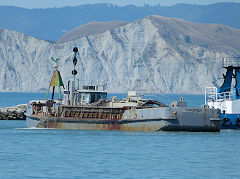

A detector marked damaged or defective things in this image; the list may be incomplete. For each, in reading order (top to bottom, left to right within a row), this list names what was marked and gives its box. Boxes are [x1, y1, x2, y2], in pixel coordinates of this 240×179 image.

rusty barge [26, 47, 221, 131]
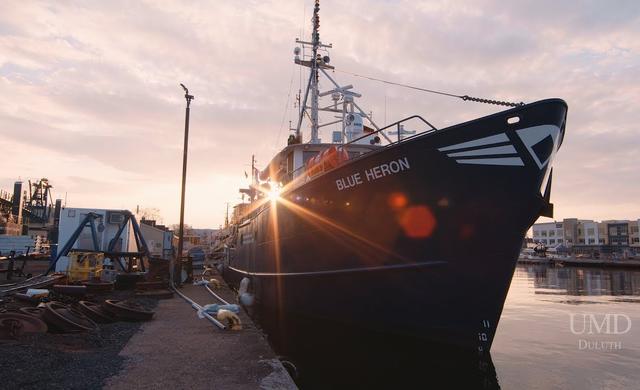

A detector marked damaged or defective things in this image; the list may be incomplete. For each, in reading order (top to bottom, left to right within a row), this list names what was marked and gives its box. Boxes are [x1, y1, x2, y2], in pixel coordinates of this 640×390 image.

rusty metal object [0, 310, 47, 338]
rusty metal object [42, 302, 97, 332]
rusty metal object [76, 300, 115, 324]
rusty metal object [105, 300, 156, 322]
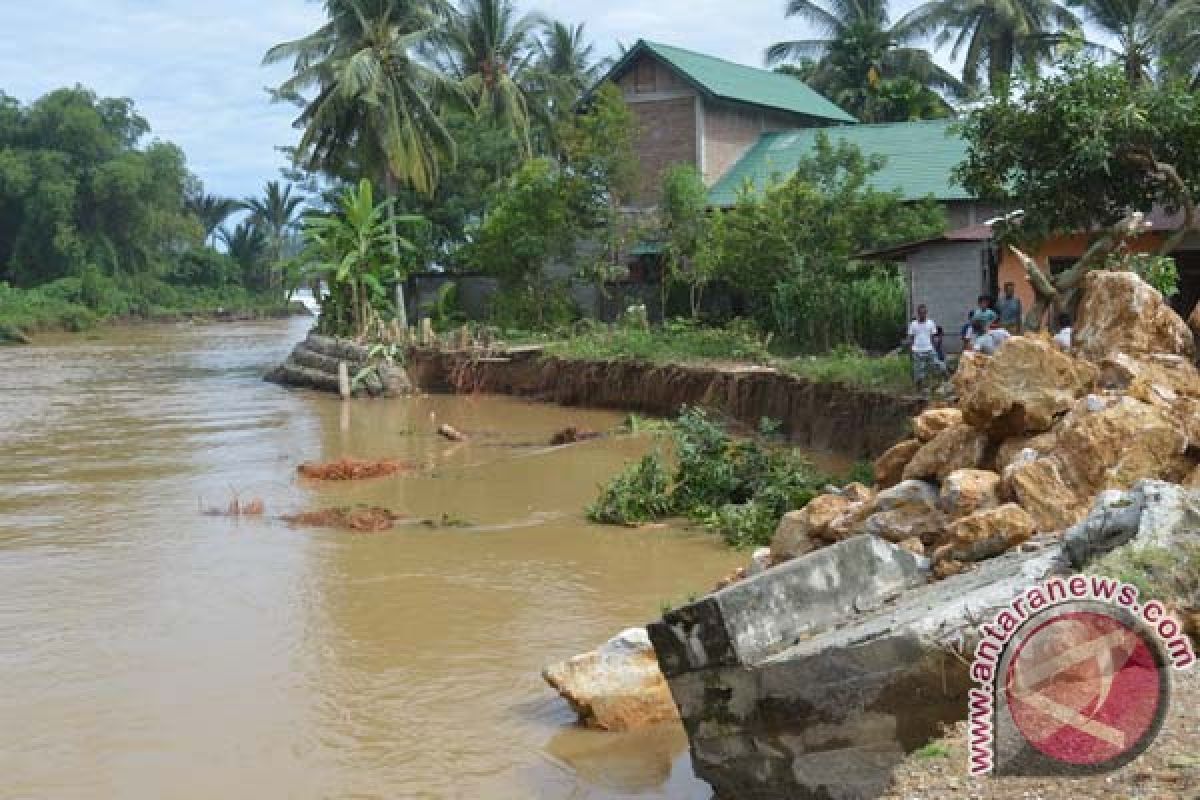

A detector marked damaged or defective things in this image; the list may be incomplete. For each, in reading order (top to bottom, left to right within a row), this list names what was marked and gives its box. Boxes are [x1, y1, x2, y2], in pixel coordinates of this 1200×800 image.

damaged retaining wall [408, 354, 924, 460]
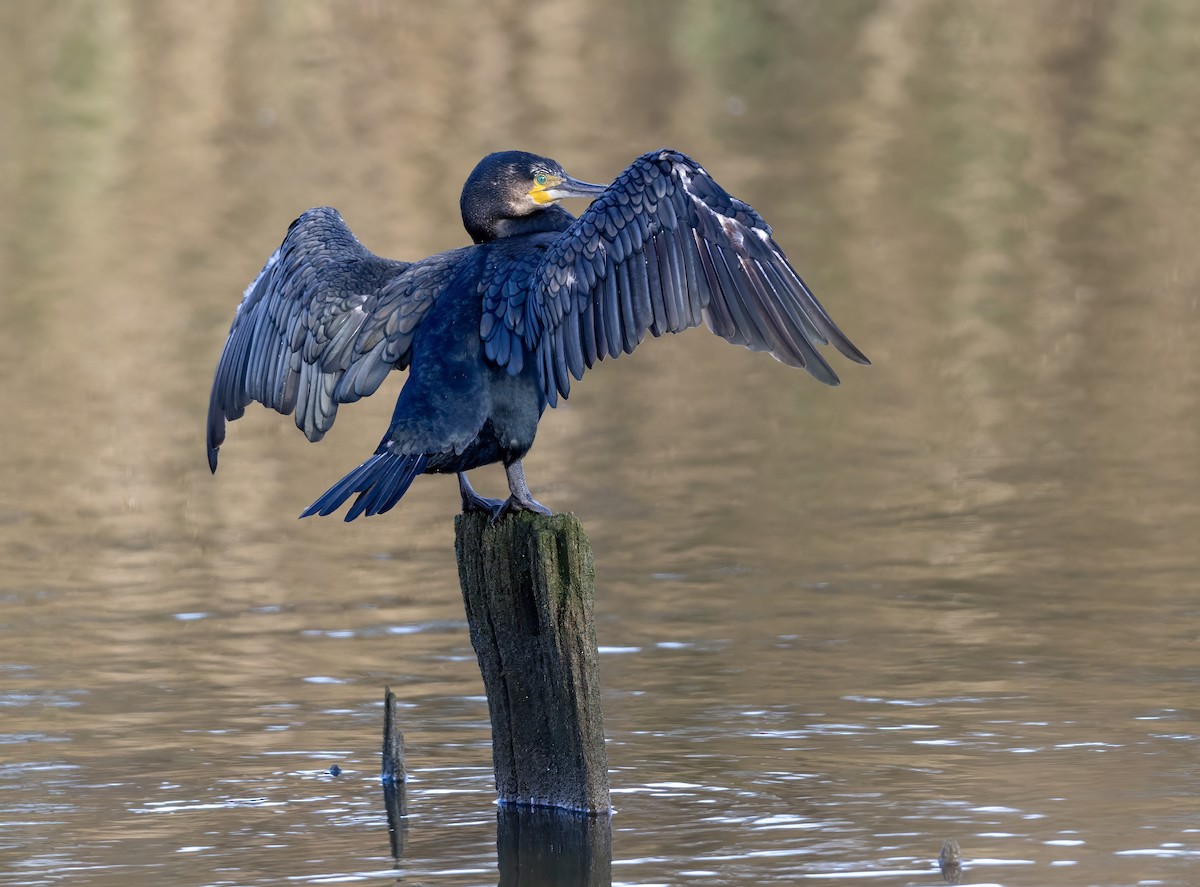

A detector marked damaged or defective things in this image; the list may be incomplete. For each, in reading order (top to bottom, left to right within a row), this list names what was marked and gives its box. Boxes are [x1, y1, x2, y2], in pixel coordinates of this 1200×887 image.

broken post in water [453, 508, 614, 816]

**Task instructions:**
Start copying at the line that contains "this 1200×887 image." and stop after the last line of the records, keeping every line exactly.

**Answer to this problem:**
A detector marked damaged or defective things in this image; the list may be incomplete. For each, in reading order (top to bottom, left to right within a row), this list names what was marked and gives its box. Boxes are [x1, y1, x2, y2], in pixel coordinates of this 1200×887 image.

broken post in water [453, 508, 614, 816]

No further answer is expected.